**ABOUT THIS TASK:** Please restate word for word the lines of the entries below from the one with "Bobcat T740 لوادر انزلاقية التوجيه" to the one with "St Laurn Koregaon Park Pune Exterior foto", inclusive, and leave out every picture.

**EXERCISE DATA:**
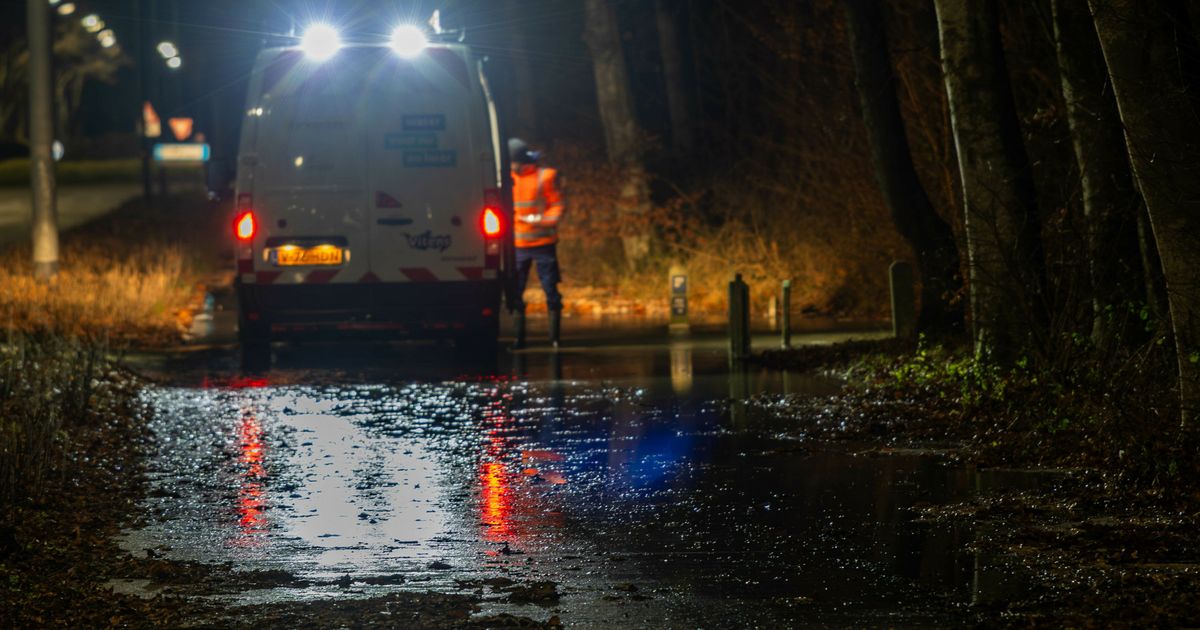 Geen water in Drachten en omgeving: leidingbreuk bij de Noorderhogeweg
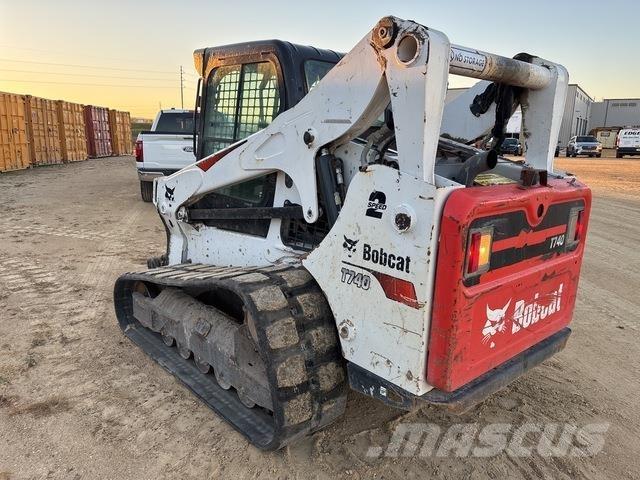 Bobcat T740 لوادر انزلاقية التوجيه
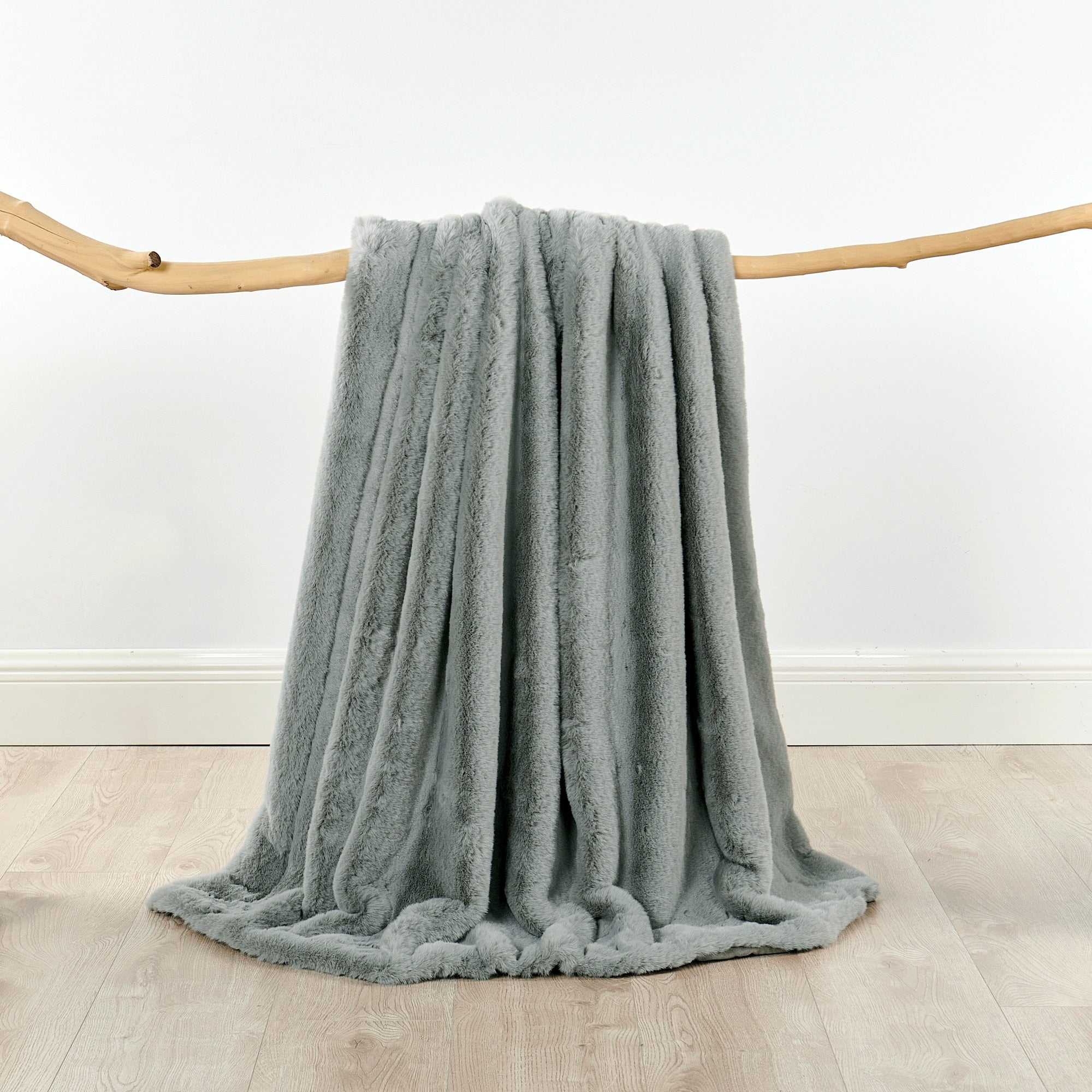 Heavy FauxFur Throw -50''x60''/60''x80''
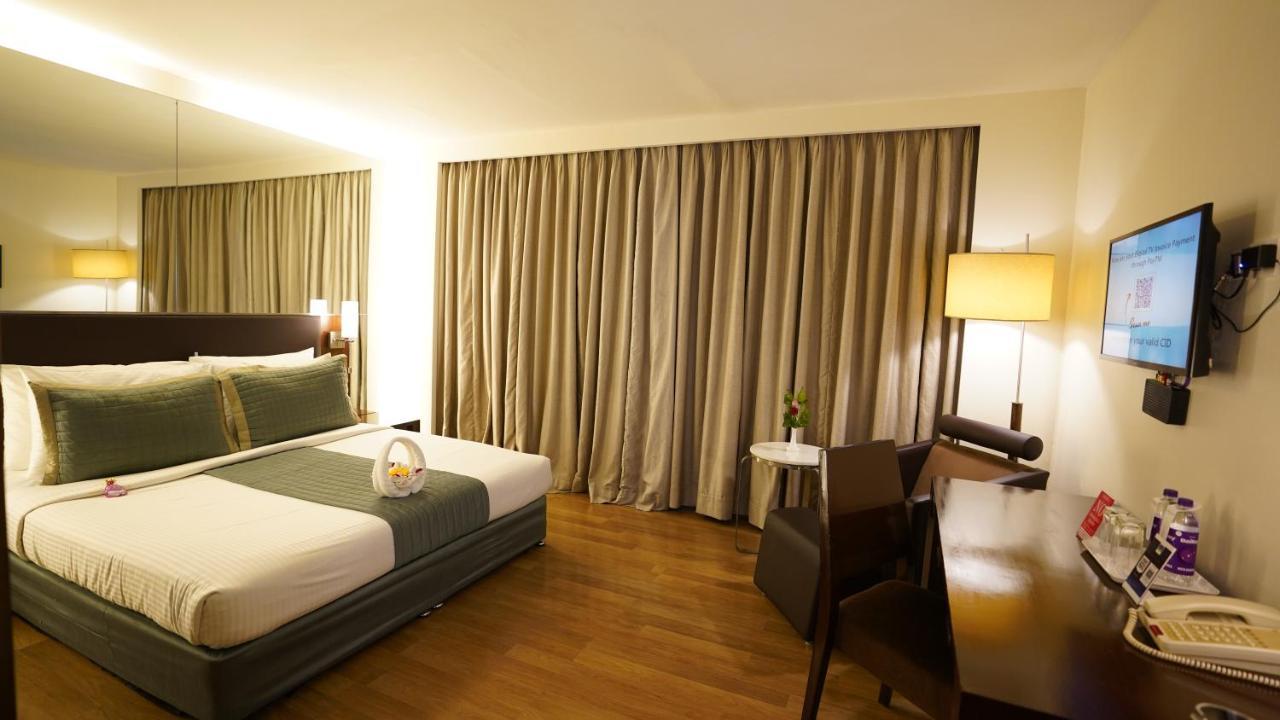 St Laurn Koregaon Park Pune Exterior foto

---

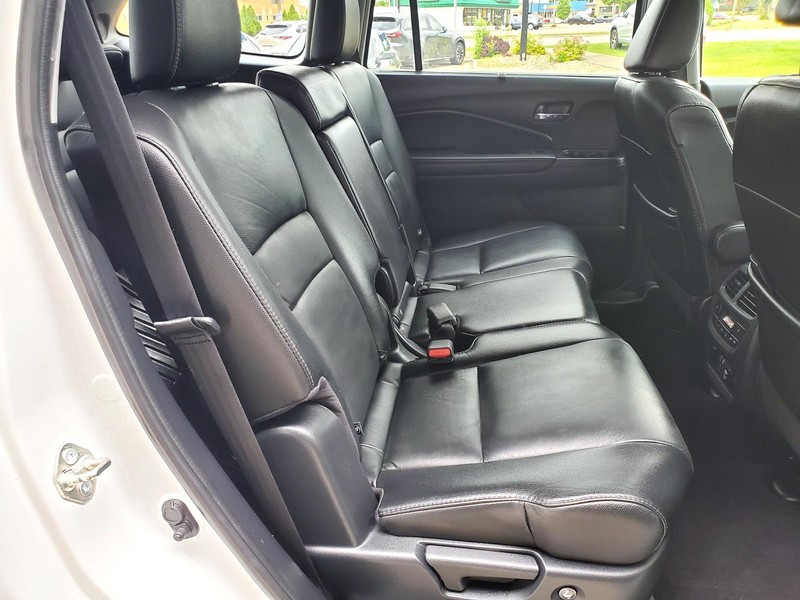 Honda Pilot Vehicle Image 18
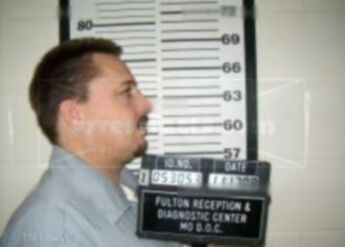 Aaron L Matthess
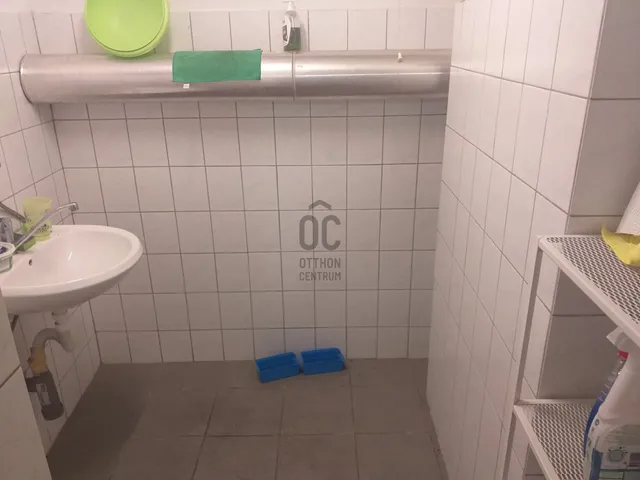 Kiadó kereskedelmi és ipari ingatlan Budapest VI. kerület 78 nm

**OUTPUT:**
 Bobcat T740 لوادر انزلاقية التوجيه
 Heavy FauxFur Throw -50''x60''/60''x80''
 St Laurn Koregaon Park Pune Exterior foto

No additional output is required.